(Scraped caption text data)
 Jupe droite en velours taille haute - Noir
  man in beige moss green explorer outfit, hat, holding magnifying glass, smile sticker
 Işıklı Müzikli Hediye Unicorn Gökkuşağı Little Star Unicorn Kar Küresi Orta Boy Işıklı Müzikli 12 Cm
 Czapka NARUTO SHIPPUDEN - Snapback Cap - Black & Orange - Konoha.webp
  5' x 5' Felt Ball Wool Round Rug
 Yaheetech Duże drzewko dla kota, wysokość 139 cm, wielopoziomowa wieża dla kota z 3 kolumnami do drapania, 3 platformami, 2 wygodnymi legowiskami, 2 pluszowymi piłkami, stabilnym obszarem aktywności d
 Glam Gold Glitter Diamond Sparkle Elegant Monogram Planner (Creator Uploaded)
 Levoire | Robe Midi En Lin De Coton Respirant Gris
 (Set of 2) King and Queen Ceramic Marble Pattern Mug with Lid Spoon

:: What you will do ::
All that is needed is the line containing "Glam Gold Glitter" and each line after it to the end of the data above, set down exactly.

:: Output below ::
 Glam Gold Glitter Diamond Sparkle Elegant Monogram Planner (Creator Uploaded)
 Levoire | Robe Midi En Lin De Coton Respirant Gris
 (Set of 2) King and Queen Ceramic Marble Pattern Mug with Lid Spoon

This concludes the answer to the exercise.